The uimaScala README recommends using its scalaz-stream based DSL to construct and execute pipelines. I haven't tried that yet, my JUnit unit test is based on patterns similar to my Java JUnit tests for my UIMAFit based pipeline at work. The JUnit test below takes a block of text and outputs the Entity annotations using the NameFinderAnnotator.

1
 2
 3
 4
 5
 6
 7
 8
 9
10
11
12
13
14
15
16
17
18
19
20
21
22
23
24
25
26
27
28
29
30
31
// Source: src/test/scala/com/mycompany/scalcium/pipeline/NameFinderAnnotatorTest.scala
package com.mycompany.scalcium.pipeline

import org.junit.Test
import org.apache.uima.fit.factory.AnalysisEngineFactory
import org.apache.uima.fit.util.JCasUtil
import scala.collection.JavaConversions._

class NameFinderAnnotatorTest {

  val text = """
    Pierre Vinken , 61 years old , will join the board as a nonexecutive 
    director Nov. 29 . Mr. Vinken is chairman of Elsevier N.V. , the Dutch 
    publishing group . Rudolph Agnew , 55 years old and former chairman of 
    Consolidated Gold Fields PLC , was named a director of this British 
    industrial conglomerate ."""

  @Test
  def testPipeline(): Unit = {
    val ae = AnalysisEngineFactory.createEngine(classOf[NameFinderAnnotator])
    val jcas = ae.newJCas()
    jcas.setDocumentText(text)
    ae.process(jcas)
    JCasUtil.select(jcas, classOf[Entity]).foreach(entity => {
      Console.println("(%d, %d): %s/%s".format(
        entity.getBegin(), entity.getEnd(),
        text.substring(entity.getBegin(), entity.getEnd()),
        entity.getEntityType()))
    })
  }
}

The output of this test looks like below. It seems to have missed "Mr. Vinken" and "Elsevier N.V" as PERSON and ORGANIZATION respectively, but this seems to be a problem with the OpenNLP NameFinder (or maybe not even a problem, its a model based parser after all, it depends on what it was trained with).

1
2
3
(0, 13): Pierre Vinken/PER
(159, 172): Rudolph Agnew/PER
(211, 239): Consolidated Gold Fields PLC/ORG

And that's all I have for today. Hopefully it was worth the wait :-).

[1]: In case you are curious about what I read while I was not posting articles last month, here is the list of books I read over last month. The last one was specifically so I could learn how to make the uimaScala code compile under Scala 2.10 but it turned out to be unnecessary, many thanks to Jens Haase (author of uimaScala) for that.
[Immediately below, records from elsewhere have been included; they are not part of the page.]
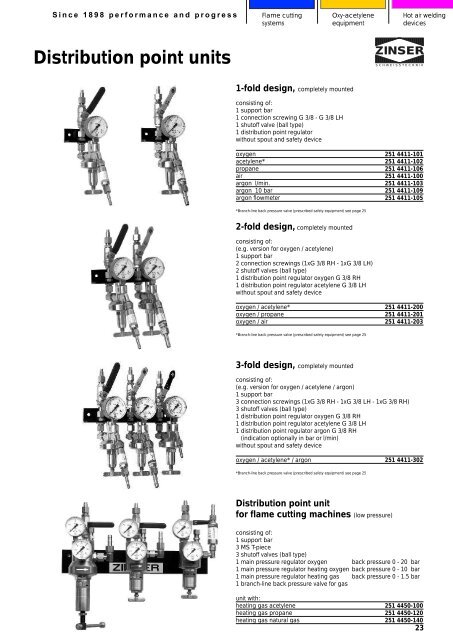 Oxy-acetylene equipment - Zinser Schweisstechnik GmbH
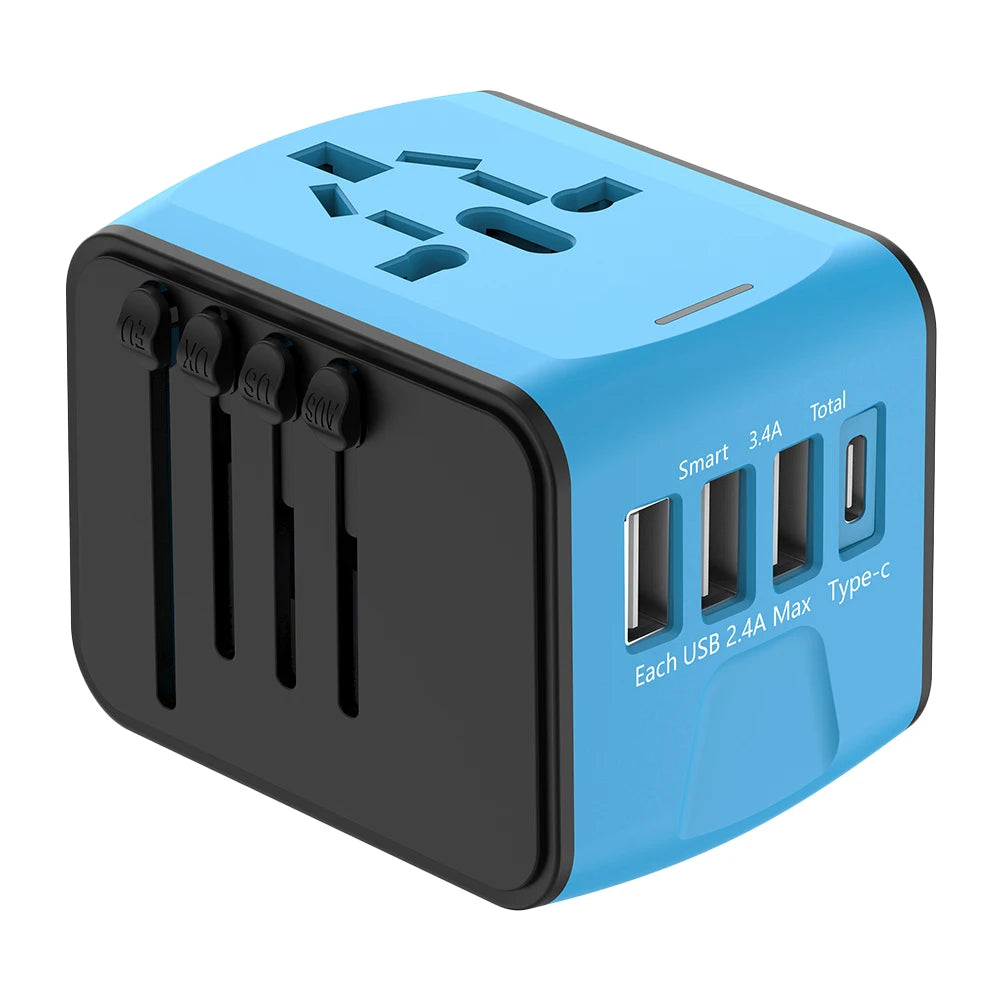 International Travel Power Plug Adapter – Portable Charger with 3 USB & 1 Type-C Ports for USA, EU, UK & AU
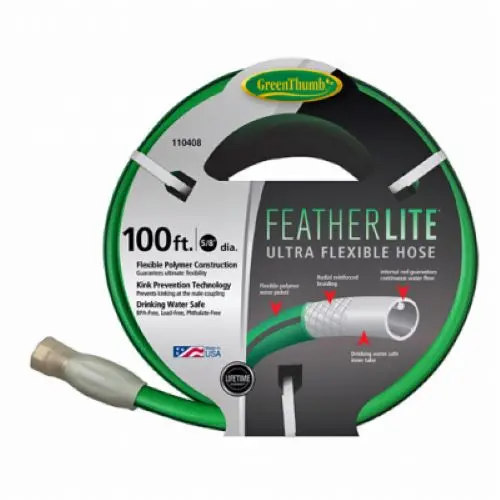 Green Thumb Gtfthl58100 Featherlite 5/8" Inch X 100' Foot Ultra Flexible Garden Hose - Quantity Of 2 1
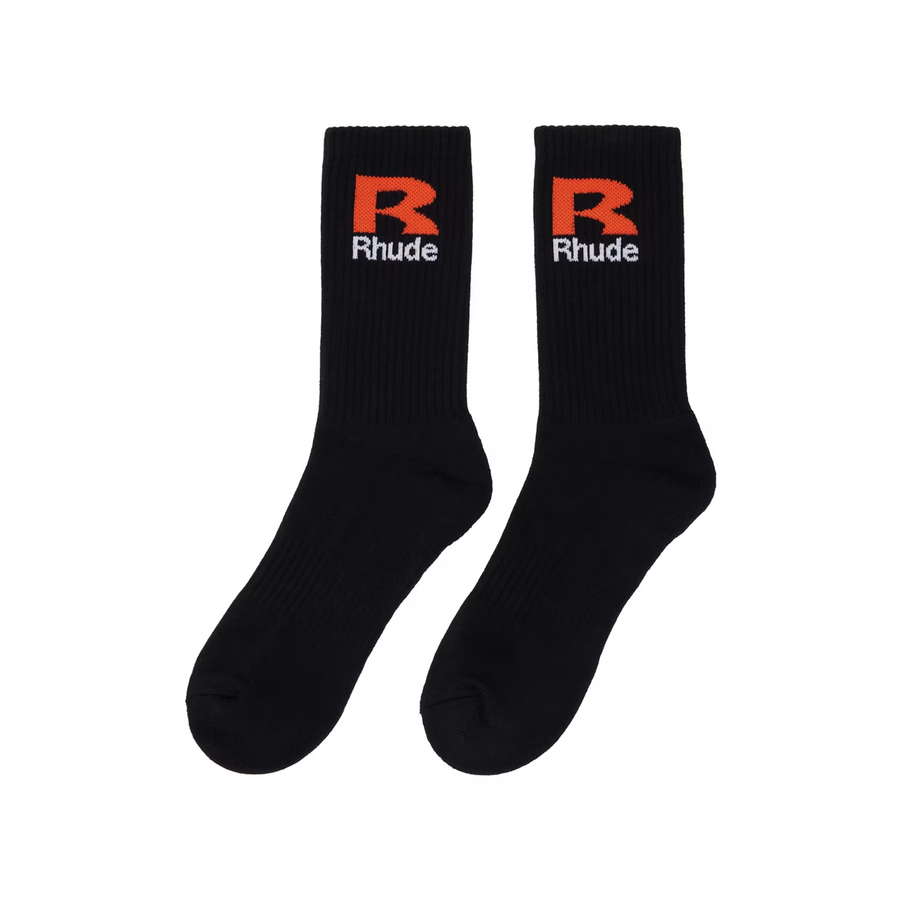 R H U D E  R Sock  Black/Orange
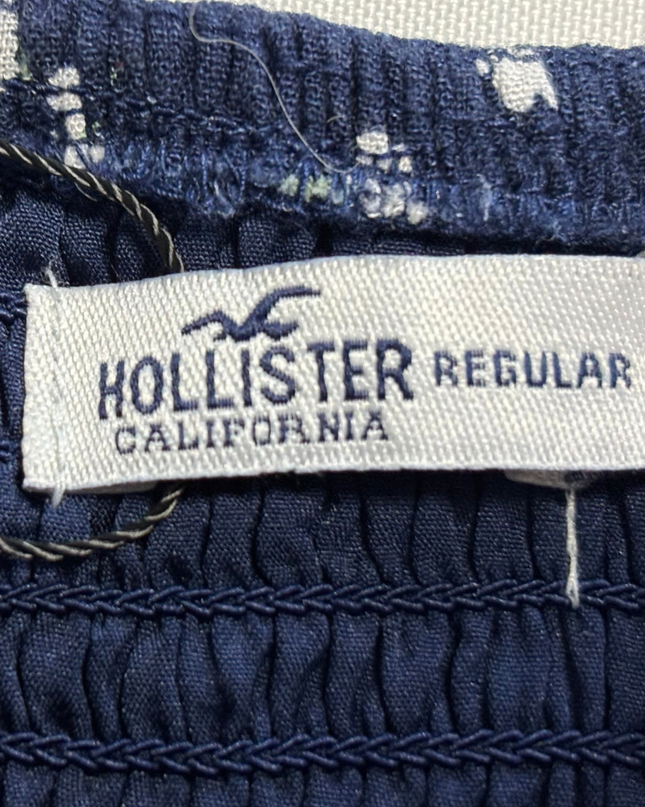 Hollister Navy Blue Floral Ruched Mini Dress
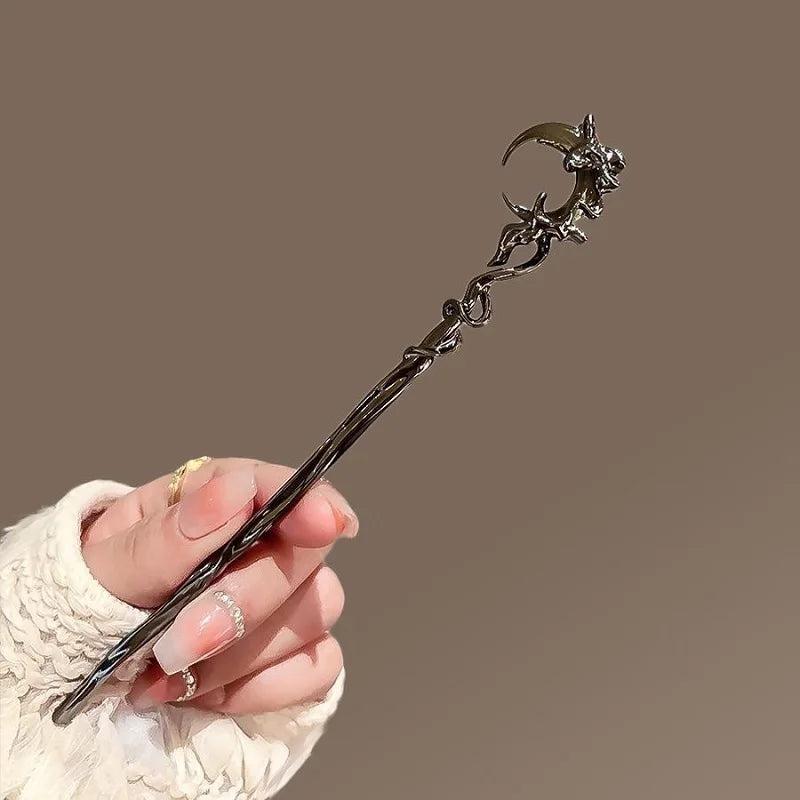 Black Crystal Moon Tassel Hair Stick Gothic Moon Hair Stick Witchy Hair Accessories-MoonChildWorld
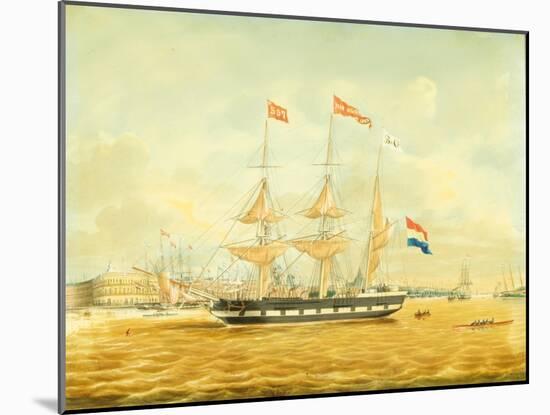 The Johan Melchior Kemper at Anchor by Rotterdam Harbour (Pencil, Pen and Ink and W/C on Paper)-Jacob Spin-Mounted Giclee Print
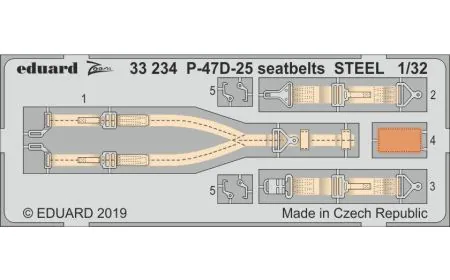 Eduard Photoetch 1:32 - P-47D-25 seatbelts STEEL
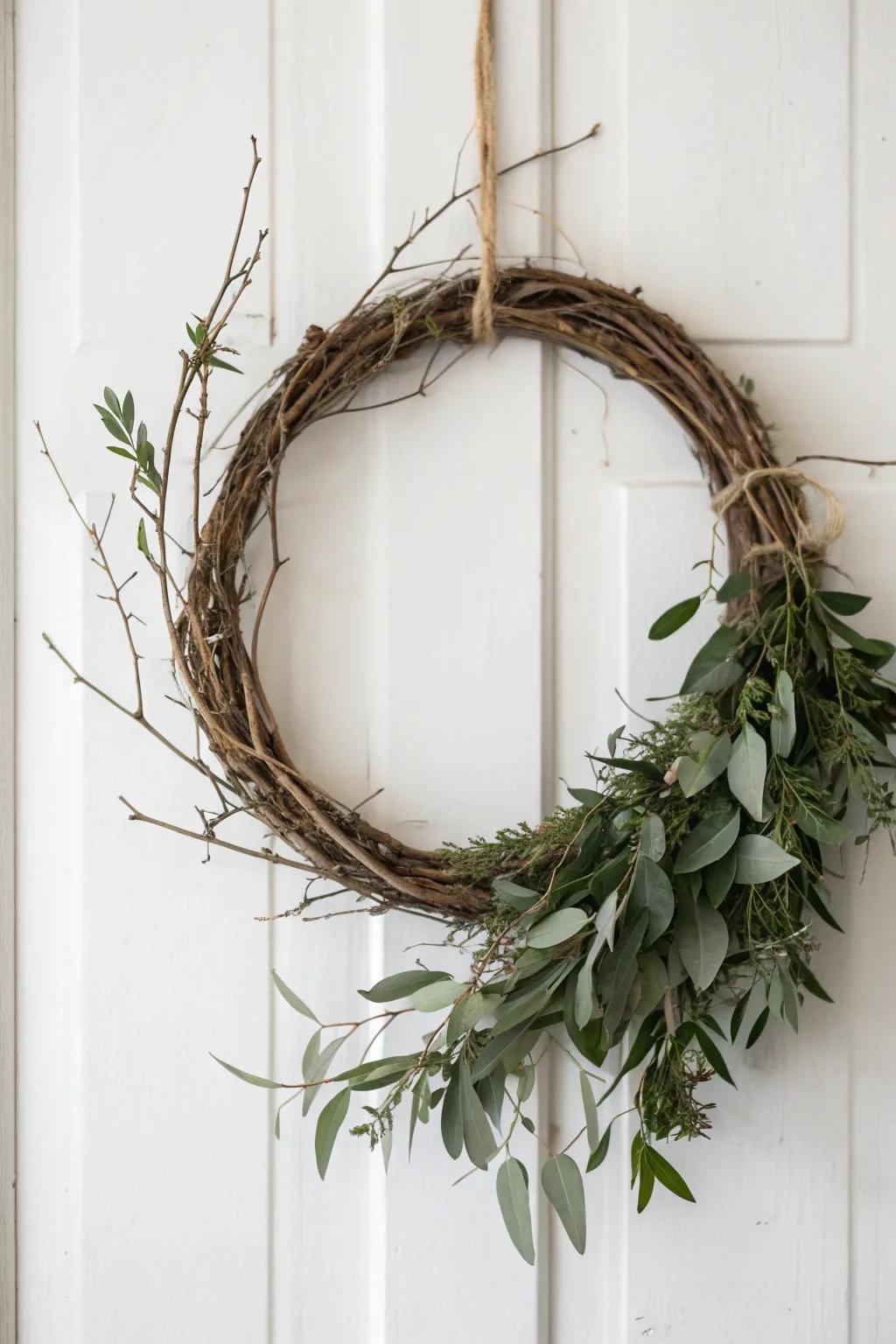 A minimalist wreath that celebrates simplicity with its raw elements.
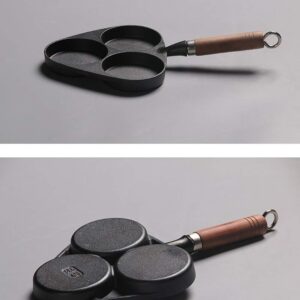 Omelet Pans 3-Cup Egg Frying Pan, Cast Iron Egg Cooker Pan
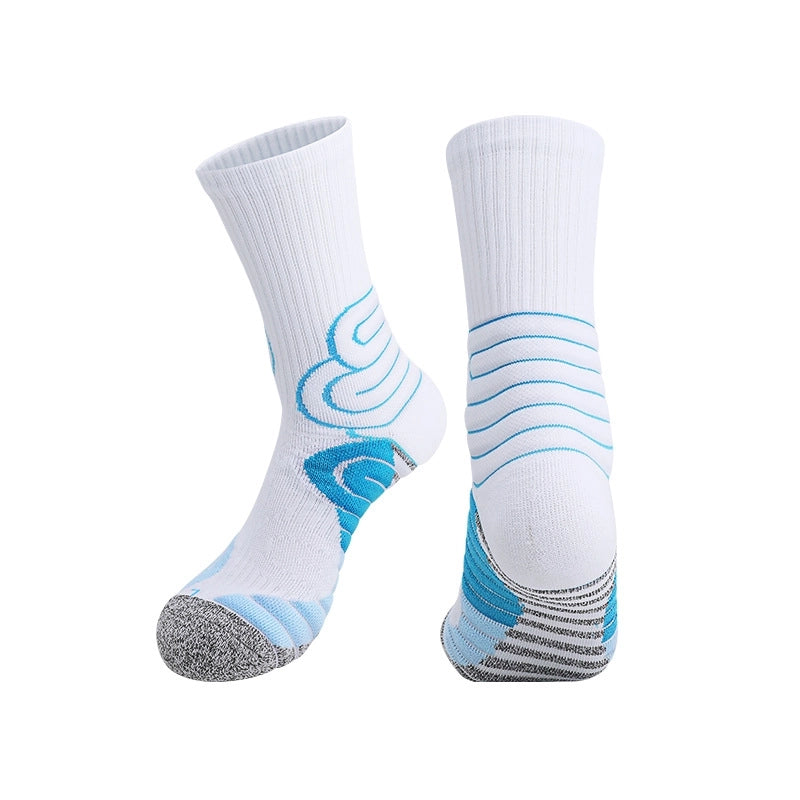 Elite Non-slip Basketball Stockings Practical Breathable Running Thickened Towel Bottom Mid-calf Socks Sweat-absorbent Sports Men And Women Socks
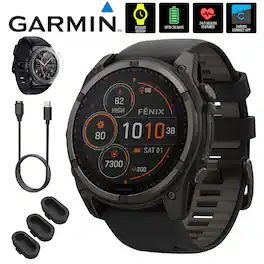 Garmin - Fenix 8 47mm Smartwatch, Solar Sapphire + Accessories Bundle - Carbon Gray DLC Titanium - (2024)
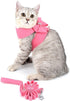 SELMAI Small Pet Dog Cat Bling Rhinestone Harness and Leash Set - Bow Girls Soft Ultra Suede Leather, Adjustable/No Pull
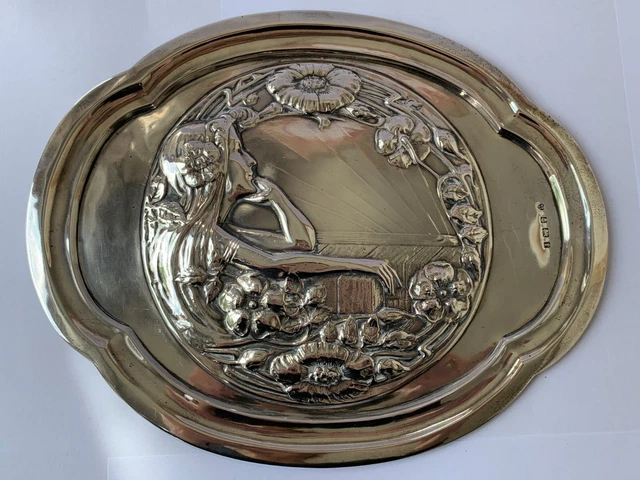 Edwardian Art Nouveau Sterling Silver Card Tray by Williams Ltd from 1905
4 comments (moderated to prevent spam):

Dmitry Kan said...

Hi Sujit!

Great post (as usual). Looking at your code: do you basically use the opennlp's models for person/organization detection? If so, have they been good enough for your purposes?

Sujit Pal said...

Thanks Dmitry. No, we haven't had a need for detecting person and organization names in our pipeline (we are more into diseases, drugs, symptoms, etc), but I wanted to check out the OpenNLP NameFinder, which is why I used it for this example. From my very limited testing (with the 3 sentences in the post), it seems to miss quite a lot.

Dmitry Kan said...

Thanks, Sujit. It probably depends on feature set as well used during the model training. But I'm not sure, if OpenNLP provides a way to pick your own features during training.

Sujit Pal said...

Yes, I was using the OpenNLP pre-trained models. I couldn't find what corpus was used for training these models, but OpenNLP does allow to train your own models and pick your own features (documented here).